Christian Nyby (September 1, 1913 – September 17, 1993) was an American television and film director and editor. As an editor, he had seventeen feature film credits from 1943 to 1952, including The Big Sleep (1946) and Red River (1948). From 1953 to 1975 he was a prolific director of episodes in many television series, including Gunsmoke and Wagon Train. As a feature film director, he is likely best known for The Thing from Another World (1951).

==Career==
Nyby was born in Los Angeles to Danish immigrant parents: the motion picture coordinator Ib Hansen Nyby (1882–1959) and Inger Astrid Nyby (1885–1973). He started his career as a film editor in the 1940s. He edited four films directed by Howard Hawks: To Have and Have Not (1944), The Big Sleep (1946), Red River (1948), and The Big Sky (1952). Nyby was nominated for the Academy Award for Red River. He had begun his career in the carpentry division at the studios, worked his way up to editor, then received his first directing credit on Hawks' 1951 production of The Thing from Another World (or The Thing as it is more commonly known), which was an instant success.

Nyby went on to have a prolific television and movie directing career from the 1950s to the 1970s.

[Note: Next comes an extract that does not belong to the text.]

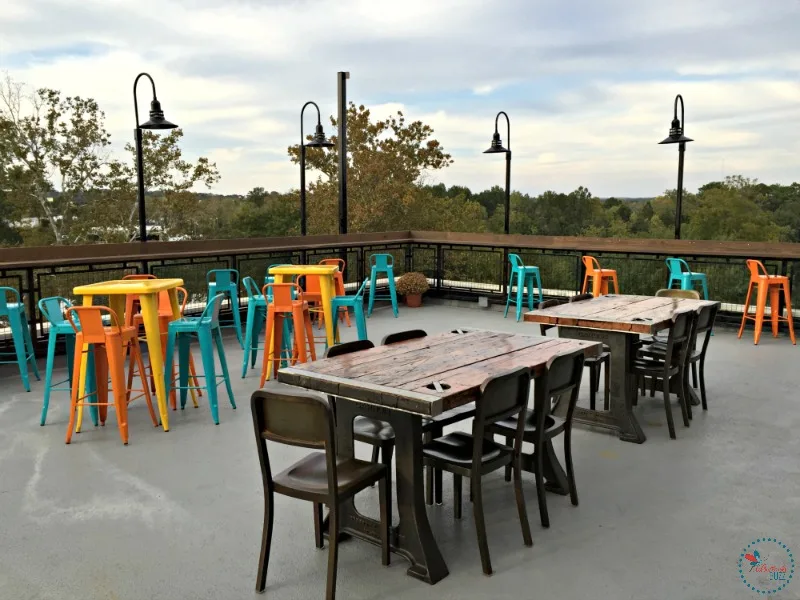 Hotel Indigo Tuscaloosa the lookout outdoor seating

Dick Vosburgh wrote in his obituary that "After editing Hawks's next film The Big Sky (1952), Nyby turned to television, directing Ann Sothern's sitcom Private Secretary, which ran for four years. He also directed episodes of The Twilight Zone, I Spy, Lassie, Gomer Pyle – USMC, Adam-12, Perry Mason, The Rockford Files, The Six Million Dollar Man, Ironside, and Kojak. He did especially impressive work on such western series as Gunsmoke, Bonanza, Wagon Train, Whispering Smith, and Rawhide." He also directed four more feature films Hell on Devil's Island, Young Fury, Operation C.I.A. (the first lead role for Burt Reynolds), and First to Fight.

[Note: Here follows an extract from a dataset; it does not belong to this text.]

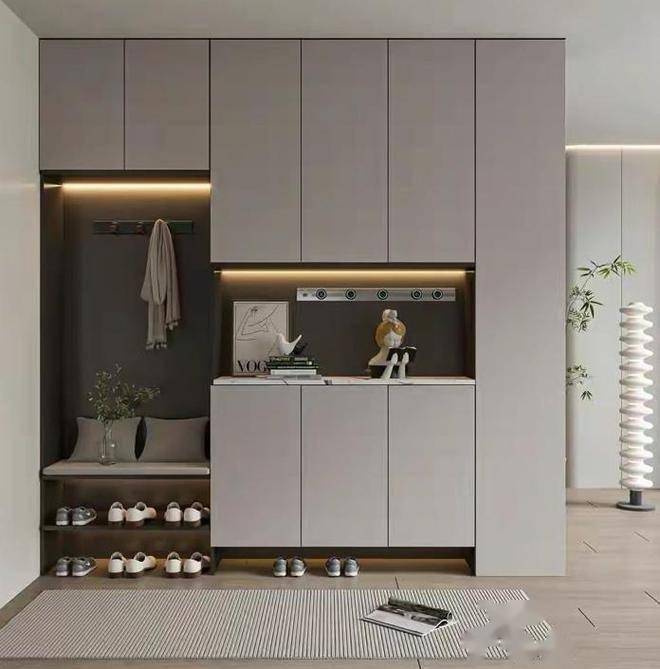 入户玄关如何设计？这几种设计直接拿去抄，好看还实用！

The most influential film that Nyby directed is The Thing from Another World (1951), which continues to attract viewers and critical attention more than 70 years after its release, and which was selected in 2001 for preservation in the US National Film Registry. Nyby's credit as the director has been challenged by some critics; Howard Hawks, the film's producer, was on the set for most of the filming, and is noted as one of the greatest film directors. Nyby said about the controversy in 1982:

Did Hawks direct it? That's one of the most inane and ridiculous questions I've ever heard, and people keep asking. That it was Hawks' style. Of course it was. This is a man I studied and wanted to be like. You would certainly emulate and copy the master you're sitting under, which I did. Anyway, if you're taking painting lessons from Rembrandt, you don't take the brush out of the master's hands.

Nyby was the father of Christian I. Nyby II, a prolific television director in his own right, and Kirkland Royal Nyby, who while studying law appeared in a few TV acting roles in the early 1970s as Kirk Nyby, before embarking on a legal career in California, finishing as Los Angeles Superior Court Commissioner.

==Death==
Nyby died at age 80 in Temecula, California, on September 17, 1993.

==Filmography as director==
- The Thing from Another World (1951)
- Light's Diamond Jubilee (1954)
- Hell on Devil's Island (1957)
- Young Fury (1965)
- Operation C.I.A. (1965)
- Elfego Baca: Six Gun Law (1966) (feature film made from edited episodes of The Nine Lives of Elfego Baca)
- First to Fight (1967)
- Emergency! (1973)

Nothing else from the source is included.